Judges yesterday backed an appeal by a man, who claimed his rights were breached because his complaint against the former Strathclyde Police was investigated by officers at the force.
Kevin Ruddy, 33, claimed that allowing police to investigate fellow officers after his allegation of assault breached article three - the right to an effective investigation of allegations of ill treatment in police custody.
The ruling could force changes in the way that Police Scotland investigates serious complaints against officers.
Scores of people could come forward with claims for damages because similar allegations have been investigated first by officers from the same force.
The Court of Session ruling states that the obligation on the state is to provide "the appropriate independent investigation". It adds: "Where that adjectival obligation is not fulfilled, the state is in breach of its obligations under the ECHR, irrespective whether, had a proper investigation been carried out, the complaint of the party making the allegation would have been upheld in substantive terms."

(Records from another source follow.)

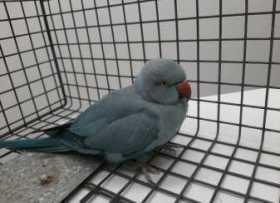 Found Indian Ringneck Parakeet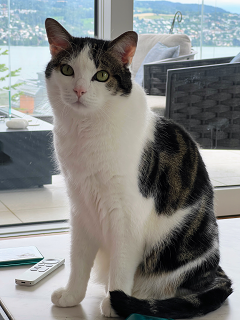 Cat06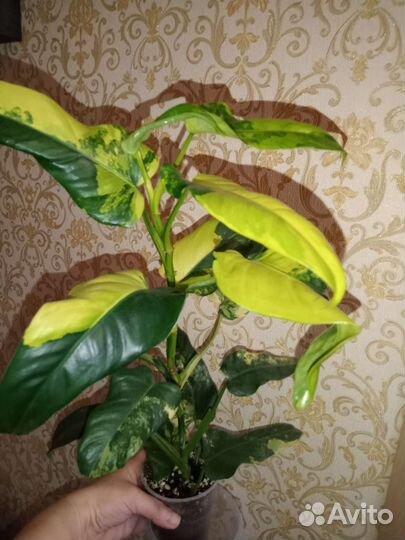 Филодендрон Доместикум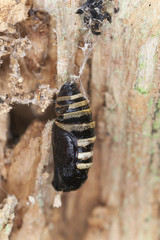 Black and yellow moth cocoon, macro photo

The Court of Session agreed that the investigation should not have been carried out by an inspector at the former Strathclyde Police force.
The creation of the new Police Investigations and Review Commissioner in April this year offers a more robust and independent complaints handling process. However, lawyers believe it still falls short of being ECHR-compliant because some initial complaints are still handled by police officers.
Mr Ruddy's civil case for damages of £10,000 against the former force has now been referred back to the sheriff court.
Deputy Chief Constable Neil Richardson, of Police Scotland, said: "We are confident the structures and processes around complaints about the police, introduced as a result of police reform, are robust and do not require to be reviewed."